As far as mods. The only difference now between your 180q and a 225 is the fact that the 225 has a second side mount intercooler, and it has a bigger turbo. To yield better power:
1- Consider going big turbo or midsized turbo. Many options out there however this will require you to do the connecting rods in the engine. Or you can get a K04 Hybrid turbo which will yield more boost than a standard k04 and give you more power than a standard 225 setup.
2- Get a Front Mount Intercooler. I used a generic ebay one and it works wonders. Make sure the well size is BIGGER than 2.5" and you should be good. Mine's 2.75" for reference. 3" is preferred but harder to fit.
You will probably need additional piping or you'll have to buy the "L" upper boost pipe with resonator (or the forge unresonated one) that comes on the 225 to complete the intercooler piping.

Other than that, you have the 6 speed, you have the AWD, and you have the same engine. The old owner already did the hard part imo (the tranny swap).


----------



## Tempes_TT (Oct 24, 2010)

Let me know what your Engine code is. I just pulled an APR 93oct tune out of my 2000 TT with an ATC. Woke the 180q up real quick. Ill let it go for real cheap if youre interested. :thumbup:


----------



## Majestimatix (Jun 7, 2015)

Where do I find the engine code?


----------



## SteveCJr (Aug 3, 2008)

Majestimatix said:


> Where do I find the engine code?


If you pull up the engine cover, it should be stamped there on the front left side of the head. At least that's where my AMU is stamped.


----------



## Tempes_TT (Oct 24, 2010)

IIRC, all early 2000 Quattros were ATCs. :thumbup:


----------



## krp33 (Jan 22, 2014)

I have a 2000 ATC 180q. If the original poster is not interested in the APR ECU, I am. Why did you pull it out?


----------



## Tempes_TT (Oct 24, 2010)

krp33 said:


> I have a 2000 ATC 180q. If the original poster is not interested in the APR ECU, I am. Why did you pull it out?

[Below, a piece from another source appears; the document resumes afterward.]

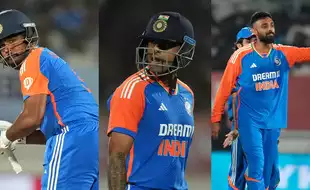 Hardik Pandya OUT, 3 Players IN: India's Likely Playing XI For 4th T20I Vs England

I pulled the stock motor out in favor of a built one + bigger turbo.


----------



## krp33 (Jan 22, 2014)

It doesn't look like the original poster is interested in the ecu. If you don't mind offering it to me, let me know.


----------



## killjoy593 (Apr 27, 2015)

Are the gonzo tunes as reliable as the apr or unitronic? I remember there was a thread about someone getting the tune and when they went to pull on the highway, the car over boosted and put a hole in the block. Made me a bit hesitant with the tune.


----------



## Tempes_TT (Oct 24, 2010)

krp33 said:


> It doesn't look like the original poster is interested in the ecu. If you don't mind offering it to me, let me know.


pm sent


----------



## Marcus_Aurelius (Mar 1, 2012)

killjoy593 said:


> Are the gonzo tunes as reliable as the apr or unitronic? I remember there was a thread about someone getting the tune and when they went to pull on the highway, the car over boosted and put a hole in the block. Made me a bit hesitant with the tune.


I think safe is a better word to use -- is a Gonzo tune as safe as APR or Unitronic? Yes, they are all similar with the GTS tune going a few steps further to provide extra power and some additional features that are typically not offered with other off-the-shelf tunes. As long as the tune safely set your AFR and timing curve for the fuel that you run, they have nothing to do really with reliability. 

Mechanical condition, maintenance, and supporting mods are what will give the "reliability" or not. ECU tuning makes the engine work harder and the extra stress tend to expose underlying mechanical problems that needed to be addressed. Things like diverter valves, ignition coils and plugs, old tired vacuum/boost hoses, weak/tired cooling systems, weak fuel pump and delivery, etc. are all areas that will show their weaknesses when the ECU is tuned. Make sure all these components and systems are in good running order and the tune in itselve will keep the car running safely (regardless of the brand). :beer:


----------



## krp33 (Jan 22, 2014)

Tempes_TT said:


> pm sent


Reply sent


----------